Instance tasks - A short history and primer

This starts as a story about exposing errors to users.

From very early on, if not the beginning, the Nova API has had a concept of an instance fault. This is a record that contains information on a failure that occurred within Nova while doing something with an instance. It is extremely useful for conveying information to users when there is a failure but it has two major drawbacks. The first is that it's only visible when the instance is in an ERROR state, and the second is that only the latest fault is visible. With the advent of API v2.1 it may be possible to address these issues.

Before API v2.1 was in progress two things, called instance-actions and instance-action-events, were added to Nova to address the shortcomings of instance faults. Instance-actions is a user visible log of API actions that a user has requested with a success or failure status. Instance-action-events are an admin facing log which goes into more details of the compute methods invoked and any stack traces that occurred. These made it possible to expose failures without needing to set an instance to ERROR. The biggest drawback to these is that they're not well publicized so users may not know to look at them.

Along the way we realized that the concept of displaying most errors on the instance was flawed and what we needed was a way to represent a task on an instance and a corresponding success or failure of the task. For example something like rebooting an instance can fail before affecting the power state of an instance and the instance isn't affected. In that case we want to say that the reboot failed and not have to consider the instance to have a fault/error on it because it is still running normally. This lead to the idea that from an API perspective we want an action to be, or lead to, the creation of a task with an associated status rather than a POST to /actions on the instance. However as an intermediate step we could have that POST create a task resource and return a link to it. A proposal for how this could look was provided by jaypipes at

Beyond the API impact there are other reasons to introduce a task concept to Nova, keeping in mind that a task could mean something high level like rebuild or the multiple individual units of work needed to accomplish rebuild:

  1. The Nova code implements a rudimentary state machine for instances with logic for what to do spread across multiple modules. However it's not always clear that there aren't dead ends in the state machine or states that can't be reached. If the logic for various actions could be pulled into task modules we could more easily create proper state machines for them.
  2. In conjunction with the above idea tasks should be the mechanism of change within Nova. Right now we send an instance to a method like rebuild() and that contains the logic for rebuild. What I envision instead is sending the task object via RPC and having it drive the state changes on an instance. Ultimately conductor/compute could just have a single method like execute_task_on_instance(task, instance). That's a bit unrealistic but that could be the general concept.
  3. Actions on instances should be able to be stopped and resumed. This is important for being able to restart services. If the state of a task can be persisted then when a service restarts it could pick up and resume the task. This implies that tasks should be idempotent, which is unlikely, or that they should have checkpoints.
  4. A future idea could be to strip nova-compute to being a tasks worker which has very little logic in it and is mostly responsible for pulling tasks from a queue. This moves us closer to a place where multiple nova-computes could be running for a single hypervisor just pulling work from multiple conductors. Then nova-compute would not be a single point of failure. This idea has not been discussed within the community and is simply something I've considered and should be considered completely out of scope here. But it is an example of the type of thing that tasks could enable.
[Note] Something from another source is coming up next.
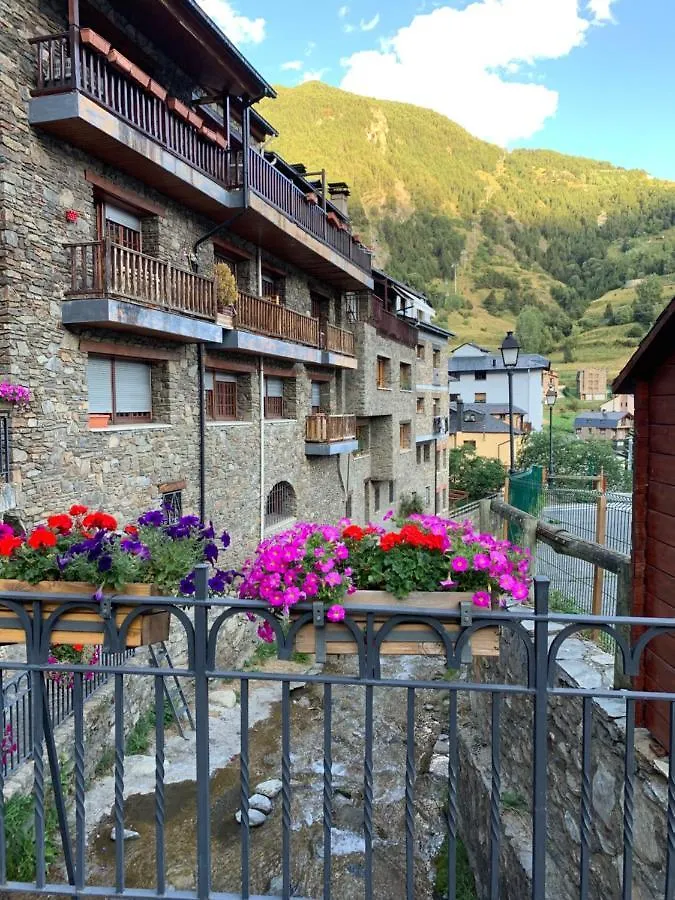 Passamane Pb - Canillo - Casco Antiguo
The early work on tasks was focused on introducing the concept at the API level. The idea was to get the interface in place and then rework the Nova internals to match that concept. There's some merit to that approach but this can be done differently as well. The focus could start on the internals of Nova and getting that framework in place and then exposing it in the API once the details are understood. The main advantage I saw to working on the API first is that we could rework the internals of Nova without being completely bound by the state machine that the API currently exposes. The main advantage I see to working on the internals first is that we currently have to guess at how tasks should be exposed and what fields they should contain but by implementing them within Nova that will become clear.

What about TaskFlow? TaskFlow is a potential implementation detail in all of this work but I believe it is too early to talk about integrating it into Nova. There's a lot of work to do to untangle the mess of RPC cast/calls and the implicit state machine within Nova and start to centralize some of that within conductor before something like TaskFlow looks like a good fit. My suggestion would be to work on iterating towards a task model within Nova and if the solution starts to look like a fit for TaskFlow then that discussion can happen. In other words let's not change Nova to fit TaskFlow but use TaskFlow if it fits in Nova.

Finally, instance faults and instance-actions should be deprecated by implementing them on top of tasks. Instance faults should be doable by exposing the last failed task as an instance fault. Instance actions is a simplified view of the list of tasks. But there is one instance-action per API operation and potentially multiple tasks so one task will need to be selected to be exposed as the instance-action.